Moi je me plus toujours, client de la nature,
À voir son opulence et bienfaisante et pure,
Cherchant loin de nos murs les temples, les palais
Ou la divinité me révèle ses traits.
Ces monts, vainqueurs sacrés des fureurs du tonnerre,
Ces chênes, ces sapins, premiers nés de la terre :
Les pleurs des malheureux n’ont point teint ces lambris.
D’un feu religieux le saint poete épris
Cherche leur pur éther et plane sur leur cime.

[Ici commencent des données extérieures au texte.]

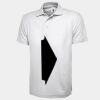 Active Poloshirt Thumbnail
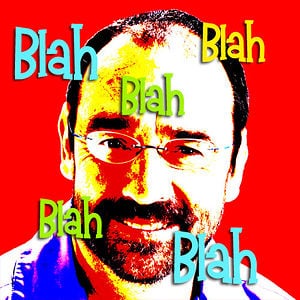Profile picture for Colin Perini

Mer bruyante, la voix du poete sublime
Lutte contre les vents ; et tes flots agités
Sont moins forts, moins puissans que ses vers indomptés.
À l’aspect du volcan, aux astres élancée,
Luit, vole avec l’Etna la bouillante pensée.

Heureux qui sait aimer ce trouble auguste et grand :
Seul il rêve en silence à la voix du torrent
Qui le long des rochers se précipite et tonne ;
Son esprit en torrent et s’élance et bouillonne.
Là je vais dans mon sein méditant à loisir
Des chants à faire entendre aux siècles à venir ;
Là, dans la nuit des cœurs qu’osa sonder Homère,
Cet aveugle divin et me guide et m’éclaire.
Souvent mon vol, armé des ailes de Buffon,
Franchit avec Lucrèce, au flambeau de Newton,
La ceinture d’azur sur la globe étendue.